DETROIT (WXYZ) — On the heels of countless Michigan drivers receiving refund checks of $400 per vehicle after changes to state law, 7 Action News is learning information about a new deficit in the state catastrophic fund.
It’s part of an annual report from the Michigan Catastrophic Claims Association, a nonprofit organization.
“When they made that judgment, the stock market was very high,” said Peggy Campbell, whose sister is paralyzed from the chest down following a crash.
“I was very angry. We spent a lot of time telling them it wasn’t a good idea,” said Wilson who has taken part in protests and spoken out against the refunds.
The checks were publicly communicated by the governor as a way of giving back to drivers. Now, auto insurance bills could soon have a noticeable change due to a deficit of $3.7 billion.
It’s expected to create an additional $48 fee for drivers, according to the MCCA.
“It was wrong from the beginning,” Wilson said.

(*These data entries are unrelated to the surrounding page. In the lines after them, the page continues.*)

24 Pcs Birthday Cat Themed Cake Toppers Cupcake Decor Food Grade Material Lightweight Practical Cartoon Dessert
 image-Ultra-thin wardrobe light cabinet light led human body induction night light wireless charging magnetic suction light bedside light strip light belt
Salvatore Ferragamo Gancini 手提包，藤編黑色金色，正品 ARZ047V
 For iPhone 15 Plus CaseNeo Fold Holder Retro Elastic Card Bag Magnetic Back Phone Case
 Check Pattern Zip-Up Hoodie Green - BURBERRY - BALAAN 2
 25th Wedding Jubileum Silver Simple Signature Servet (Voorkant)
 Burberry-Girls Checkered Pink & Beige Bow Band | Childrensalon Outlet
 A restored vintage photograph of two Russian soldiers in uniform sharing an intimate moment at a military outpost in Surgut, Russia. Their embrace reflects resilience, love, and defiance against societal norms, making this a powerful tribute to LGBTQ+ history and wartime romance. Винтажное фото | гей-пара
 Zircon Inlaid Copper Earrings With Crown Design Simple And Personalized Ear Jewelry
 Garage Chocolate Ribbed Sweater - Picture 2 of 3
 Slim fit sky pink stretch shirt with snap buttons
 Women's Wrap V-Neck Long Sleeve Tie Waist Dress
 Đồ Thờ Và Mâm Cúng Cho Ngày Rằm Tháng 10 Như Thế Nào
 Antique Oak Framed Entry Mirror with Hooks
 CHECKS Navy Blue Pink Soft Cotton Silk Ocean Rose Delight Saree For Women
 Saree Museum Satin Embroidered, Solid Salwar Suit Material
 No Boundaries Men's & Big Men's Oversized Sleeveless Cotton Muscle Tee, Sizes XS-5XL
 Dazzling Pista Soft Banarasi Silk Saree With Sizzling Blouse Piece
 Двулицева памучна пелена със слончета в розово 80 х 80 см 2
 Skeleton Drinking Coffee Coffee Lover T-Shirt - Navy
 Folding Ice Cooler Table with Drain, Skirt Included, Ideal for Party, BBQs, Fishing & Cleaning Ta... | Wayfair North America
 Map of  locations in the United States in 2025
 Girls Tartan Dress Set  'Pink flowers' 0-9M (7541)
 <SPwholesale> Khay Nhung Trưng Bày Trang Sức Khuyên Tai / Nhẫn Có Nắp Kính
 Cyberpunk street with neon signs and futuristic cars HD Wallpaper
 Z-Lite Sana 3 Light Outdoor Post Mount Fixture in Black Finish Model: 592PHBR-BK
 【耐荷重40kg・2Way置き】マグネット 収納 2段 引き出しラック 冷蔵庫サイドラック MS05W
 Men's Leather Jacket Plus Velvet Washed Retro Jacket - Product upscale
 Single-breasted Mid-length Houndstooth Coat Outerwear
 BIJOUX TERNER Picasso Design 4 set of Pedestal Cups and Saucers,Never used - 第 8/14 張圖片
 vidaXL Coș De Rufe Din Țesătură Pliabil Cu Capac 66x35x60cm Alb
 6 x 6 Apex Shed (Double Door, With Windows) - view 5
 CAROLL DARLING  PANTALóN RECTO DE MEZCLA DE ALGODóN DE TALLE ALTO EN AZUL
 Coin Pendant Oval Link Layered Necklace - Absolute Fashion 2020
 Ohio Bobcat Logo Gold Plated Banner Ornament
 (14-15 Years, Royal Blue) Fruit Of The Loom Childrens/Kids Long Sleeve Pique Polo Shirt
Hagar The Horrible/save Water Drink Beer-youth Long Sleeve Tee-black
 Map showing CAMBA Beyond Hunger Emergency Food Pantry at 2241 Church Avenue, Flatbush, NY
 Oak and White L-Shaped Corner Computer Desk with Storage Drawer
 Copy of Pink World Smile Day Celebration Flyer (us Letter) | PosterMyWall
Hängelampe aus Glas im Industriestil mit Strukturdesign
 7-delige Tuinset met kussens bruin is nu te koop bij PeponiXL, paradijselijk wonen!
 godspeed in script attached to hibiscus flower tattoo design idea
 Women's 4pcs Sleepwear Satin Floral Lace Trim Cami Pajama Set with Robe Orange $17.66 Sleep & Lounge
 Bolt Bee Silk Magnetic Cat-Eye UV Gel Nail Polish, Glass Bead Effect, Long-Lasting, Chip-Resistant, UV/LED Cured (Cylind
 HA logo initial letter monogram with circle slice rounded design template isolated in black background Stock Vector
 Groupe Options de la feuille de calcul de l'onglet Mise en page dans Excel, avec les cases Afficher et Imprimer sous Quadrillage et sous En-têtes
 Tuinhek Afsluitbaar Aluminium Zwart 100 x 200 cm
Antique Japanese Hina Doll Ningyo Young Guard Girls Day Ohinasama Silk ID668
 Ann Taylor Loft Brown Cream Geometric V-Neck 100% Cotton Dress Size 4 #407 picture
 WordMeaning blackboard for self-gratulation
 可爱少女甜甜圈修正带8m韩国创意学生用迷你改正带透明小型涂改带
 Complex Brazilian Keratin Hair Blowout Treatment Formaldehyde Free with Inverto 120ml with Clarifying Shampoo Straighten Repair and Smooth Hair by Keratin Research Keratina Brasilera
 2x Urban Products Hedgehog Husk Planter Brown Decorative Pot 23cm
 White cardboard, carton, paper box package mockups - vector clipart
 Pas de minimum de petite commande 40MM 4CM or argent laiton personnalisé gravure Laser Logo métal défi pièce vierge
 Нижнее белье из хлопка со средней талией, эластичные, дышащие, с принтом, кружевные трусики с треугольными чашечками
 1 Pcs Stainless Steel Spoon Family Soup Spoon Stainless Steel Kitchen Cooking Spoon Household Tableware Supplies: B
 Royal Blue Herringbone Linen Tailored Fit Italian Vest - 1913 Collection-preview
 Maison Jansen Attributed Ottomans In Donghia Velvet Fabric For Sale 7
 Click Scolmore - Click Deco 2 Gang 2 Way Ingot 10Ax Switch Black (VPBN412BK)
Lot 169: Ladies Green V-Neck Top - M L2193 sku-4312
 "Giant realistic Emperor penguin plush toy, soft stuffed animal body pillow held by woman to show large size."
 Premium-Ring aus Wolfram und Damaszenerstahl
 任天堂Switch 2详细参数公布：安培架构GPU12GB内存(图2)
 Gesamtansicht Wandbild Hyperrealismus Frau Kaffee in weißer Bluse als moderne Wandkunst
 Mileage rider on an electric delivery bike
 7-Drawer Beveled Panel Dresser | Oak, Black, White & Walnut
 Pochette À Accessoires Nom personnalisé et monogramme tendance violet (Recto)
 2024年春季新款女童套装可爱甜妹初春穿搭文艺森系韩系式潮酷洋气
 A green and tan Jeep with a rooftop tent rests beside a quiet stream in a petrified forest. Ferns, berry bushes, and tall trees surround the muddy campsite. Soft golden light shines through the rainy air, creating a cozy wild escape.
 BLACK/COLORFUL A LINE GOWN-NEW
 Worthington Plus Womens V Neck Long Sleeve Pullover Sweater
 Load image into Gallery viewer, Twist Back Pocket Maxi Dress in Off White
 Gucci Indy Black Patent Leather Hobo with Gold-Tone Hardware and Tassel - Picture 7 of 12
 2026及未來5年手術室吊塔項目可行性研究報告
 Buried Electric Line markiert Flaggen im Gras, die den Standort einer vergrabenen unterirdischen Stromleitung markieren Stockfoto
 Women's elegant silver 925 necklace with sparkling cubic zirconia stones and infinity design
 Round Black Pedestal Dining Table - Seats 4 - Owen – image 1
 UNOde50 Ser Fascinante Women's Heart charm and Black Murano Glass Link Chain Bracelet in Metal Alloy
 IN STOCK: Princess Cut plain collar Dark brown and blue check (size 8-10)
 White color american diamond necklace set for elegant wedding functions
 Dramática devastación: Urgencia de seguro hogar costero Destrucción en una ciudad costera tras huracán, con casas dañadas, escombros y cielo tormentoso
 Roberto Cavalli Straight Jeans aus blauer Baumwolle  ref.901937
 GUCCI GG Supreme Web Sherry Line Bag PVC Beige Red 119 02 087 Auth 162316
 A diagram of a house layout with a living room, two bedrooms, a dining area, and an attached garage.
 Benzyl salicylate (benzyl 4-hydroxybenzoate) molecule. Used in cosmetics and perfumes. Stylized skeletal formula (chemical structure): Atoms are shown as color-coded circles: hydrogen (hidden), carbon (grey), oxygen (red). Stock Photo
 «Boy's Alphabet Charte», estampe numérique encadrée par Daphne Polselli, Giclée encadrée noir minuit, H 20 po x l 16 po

Reasons cited in the annual report include a court overturning retroactive elimination of benefits for victims, declines in the stock market and those refund checks. However, not all are concerned including state Rep. Joe Bellino from Monroe.
“When the market recovers and the fund picks up more, we’ll get rebate checks again in the future, yes,” Bellino said.
Another local leader, Detroit City Councilwoman Mary Waters, is also weighing in.
“I’m very concerned because the Legislature tried to fix it and it’s not fixed. Somebody needs to go back to the drawing board,” Waters said.
Many are expected to see the changes beginning in July.
The governor’s office has not responded to our request for comment on the report.